How to get started on solutions to real life issues.
In his recent post titled Disruptive Innovation In Financial Services Richard Branson states the compelling reason for innovation – to have a positive impact on people’s lives. By addressing real-world problems and providing solutions to overcome these challenges society as whole benefits. It is my experience that Empowerment & Collaboration can help facilitate, energize and speed up the innovation process, yet there are common pitfalls to avoid. Here are some lessons I’ve learned the hard way that can help you create the right type of internal environment where empowerment and collaboration feed off each other to create innovation that’s beneficial to your organization and the members you serve.
Giving someone (or a group of individuals) the authorization, consent or power to make critical decisions when devising a solution to a specific problem differs greatly from enabling them to randomly innovate. It is imperative when empowering an individual or a team that they are provided with enough direction so that the end result (the solution) fulfills the needs of your institution and its members. Too often this authority is interpreted as a license to freelance and make decisions based on what the interests of the individual or teams are. Unfortunately these are often not consistent with the requirements of the credit union (or company). Specific, measurable outcomes that are expected as a result of the efforts along with enough guidance regarding dates and resource allocation should be provided at the onset. If you can’t do this you haven’t clearly defined the problem to be solved. If you can, then set them loose and get out of the way, asking only that they periodically provide updates to confirm they are on time and on target.
Simply means working with another person or group to achieve or do something. In the context of innovation that something is to create a solution to a real problem that impacts lives in a positive manner. You are attempting to harness the power of the cooperative resources as opposed to having everyone attempting to be the first individual to solve the problem on their own. Together we do what I can’t. At issue here is the ability of the individuals involved to set aside their personal goals and agendas in order to achieve something for the collective good. Whether the collaborative project involves only internal employees or also requires the assistance of 3rd party partners/providers it is essential each participant understands their specific purpose. If every individual clearly sees why they have been selected boundaries are more easily negotiated. Make sure you have a good cross-functional mix of all the necessary disciplines, including those who will need to interact in selling or assisting the member with the solution.
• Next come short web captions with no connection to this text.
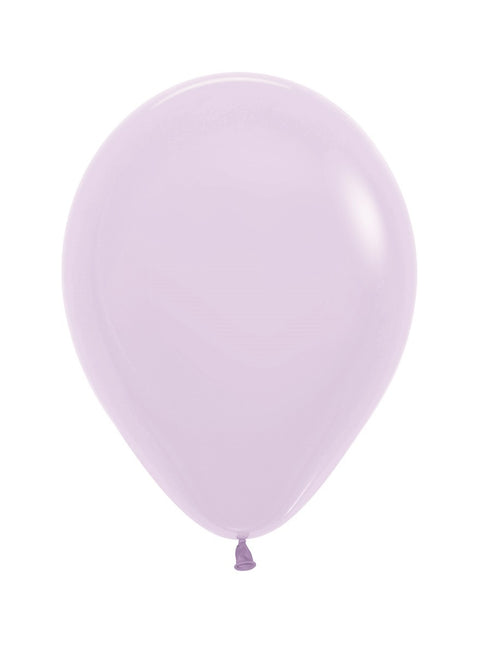 Ilmapallot Pastelli Matta Lilac 25cm 100kpl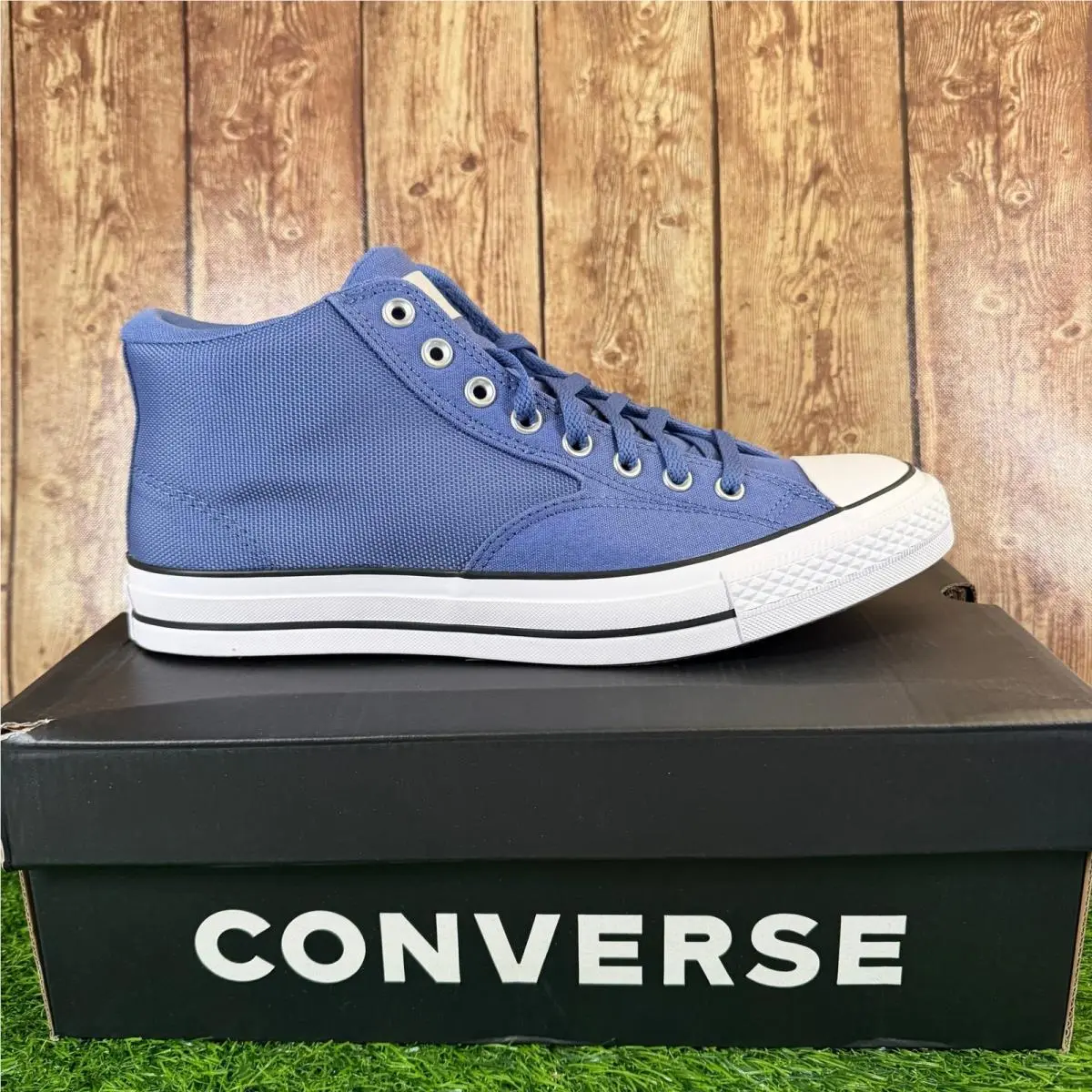 Ctas Malden Street Mid Sneaker Mens Size 12 Indigo Storm Blue Canvas by Converse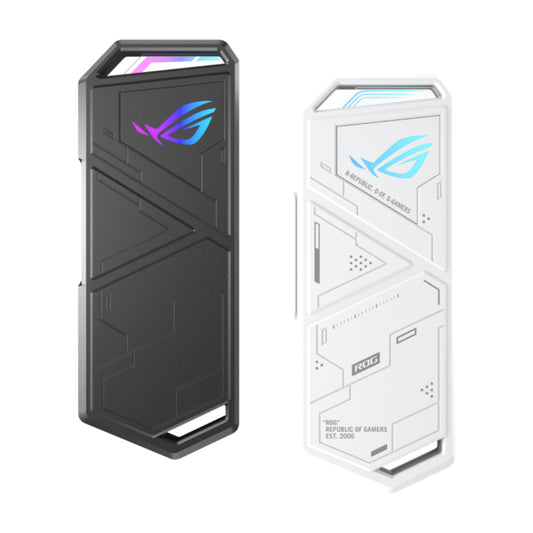 ASUS ROG Strix Arion ESD-S1C SSD Enclosure | USB-C™ 3.2 Gen 2, Aura Sync RGB, Aluminum Alloy Build, and Tool-Free Installation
It’s also critical that you designate a leader who has a vested interest in solving the problem and is accountable to the organization as a whole for the proper and effective use of the resources that have been provided. While this could also be interpreted as empowerment, collaboration won’t work without someone paying attention to the group dynamics and making the needed adjustments. The leader will need to be able to delegate responsibility and keep the project on schedule. Many times this vital role will need to have challenging (not pleasant) conversations with a vendor, 3rd party or team member who is critical to achieving the ultimate success. These opportunities can be a great way to prepare someone for a higher level role in your organization, yet don’t let a novice at the helm of something mission critical. Take risks that are appropriate, not career threatening. Utilize project team meetings to provide status updates, not to do the actual work. Above all true collaboration requires egos to be checked at the door, leaving room for a true sense of collective achievement to permeate the environment.
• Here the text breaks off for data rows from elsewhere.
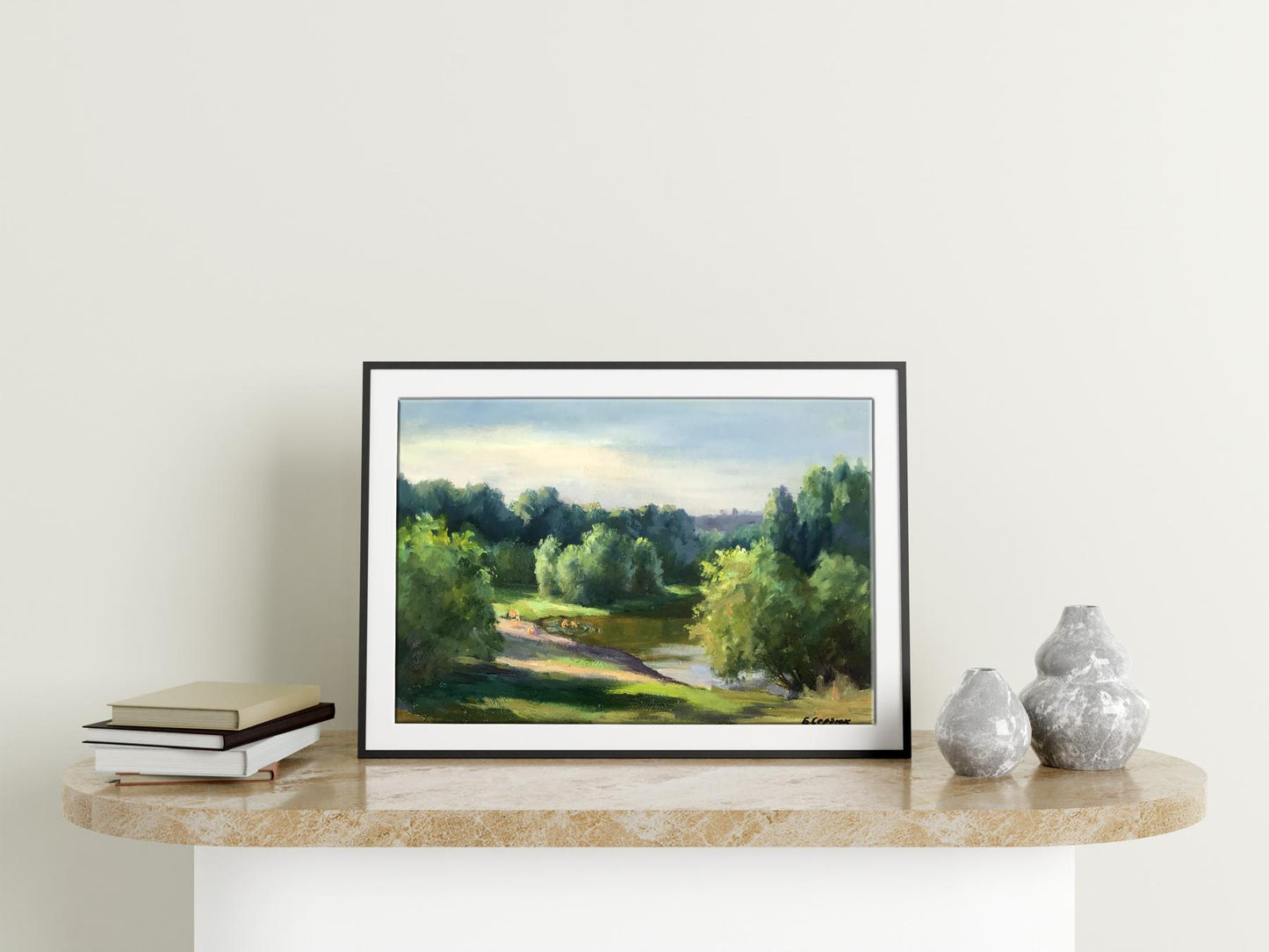 Oil painting Summer 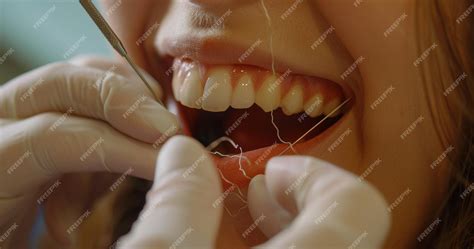 Premium Photo | Dentist Demonstrating Proper Flossing Technique Image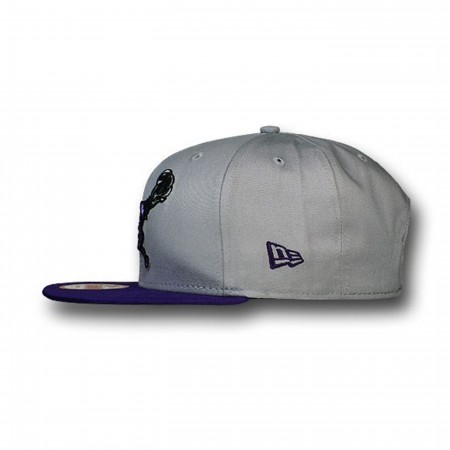 Skeletor Crest Grey 9Fifty Snapback Cap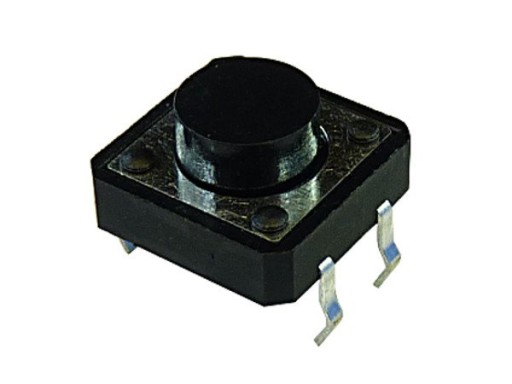 mikro switch przycisk 12x12 4 pin 4,5,6,7,10 mm x5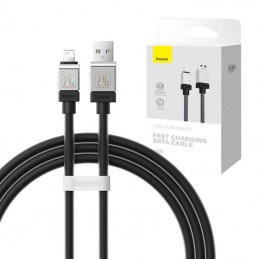 Fast Charging cable Baseus USB-A to Lightning Coolplay Series 1m, 2.4 (black)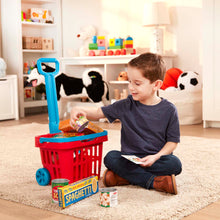 Fill & Roll Grocery Basket Playset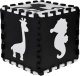 Jokomisiada Puzzle piankowe kontrastowa mata zwierzątka kształty ZA4783 12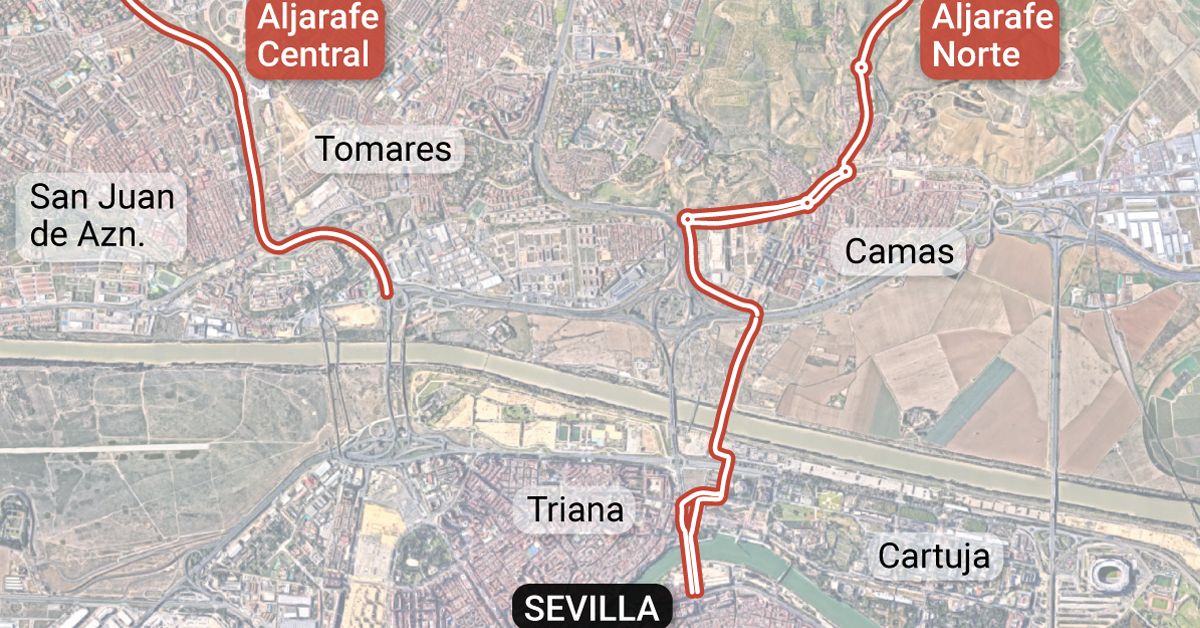 Comienza la obra del carril Bus-VAO de Mairena del Aljarafe y San Juan ...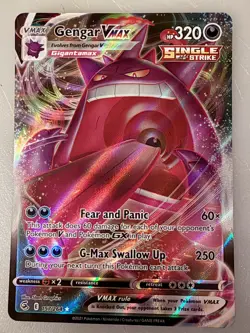 Gengar VMAX 157/264 Full Art Swsh08: Pokemon Fusion Strike Holo Near Mint - Image 1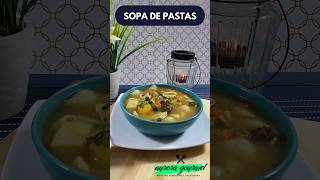 SOPA DE PASTA COLOMBIANA CON CARNE Sopa De Conchitas auroragourmet shorts recetas receta [upl. by Tamarah8]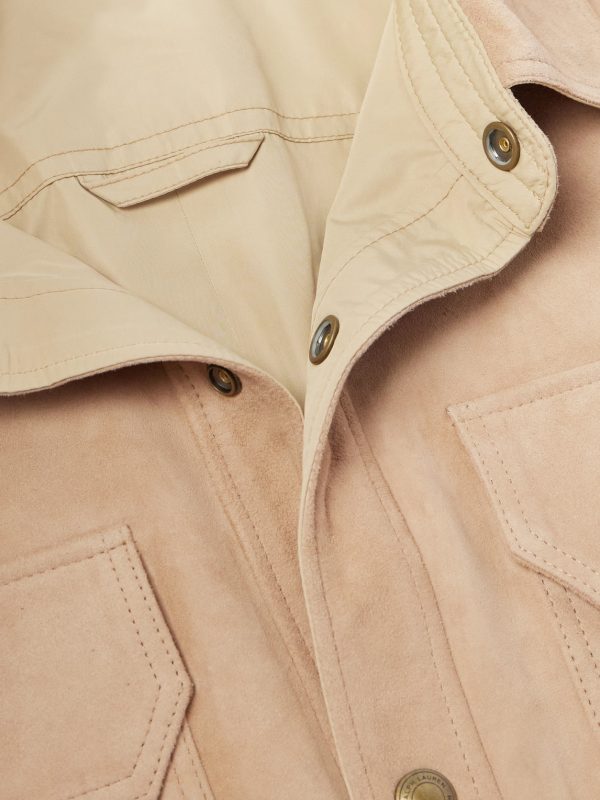 Reversible Logo-Appliquéd Suede and Shell Overshirt - CU Reversible Logo-Appliquéd Suede and Shell Overshirt - CU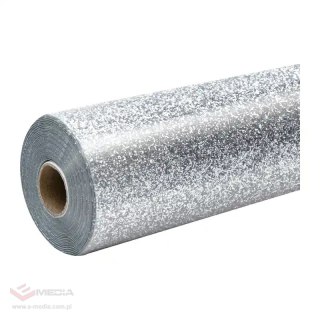 Folia termotransferowa HTVRONT Glitter 30.5cm x 90cm (srebrna)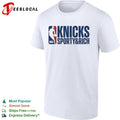 New York Knicks Sporty and Rich bold emblem horizontal logo art shirt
My belief is that people often avoid trying to being innovative because of the unfounded fear that they need to be able to create something starting with nothing. Some of the best solutions out there were devised quite simply by working to integrate existing solutions to create a better member experience. In his brilliant article “The High-Fidelity IT Organization”,Butch Leondardson, CTO & SVP of IT at BECU points out “We believe we should not custom-build software, but instead be highly capable in integration. Integration is often the secret sauce to agility.” Amen, brother. If it’s a good enough approach for a $10 billion+ credit union known for its innovative approaches to member service you better believe that the majority of the industry can benefit from a similar approach as well. While too many credit unions today still run legacy core systems utilizing closed, proprietary databases that aren’t generally associated with agility, the fact remains that you can persevere in blending the best of today’s technology with systems whose better days are long past.
While this article focuses on solving problems utilizing internal resources the same concepts apply on a wider scale. CUSO’s can be an effective way to leverage resources in seeking out answers to common problems. It’s of the utmost importance to make sure all participants are seeking a similar solution. When you’re combining forces to keep IT infrastructure costs down or seeking to provide alternative investment solutions to your members the common goals at a high level are usually consistent. It’s when someone in the CUSO wants a specific solution to a problem that’s primarily disturbing them that things tend to go haywire.
That’s it. Define the problem sufficiently, get the right resources on board who know why they’re involved and what you want accomplished, give them the authority they need to be successful and allow yourself to be amazed.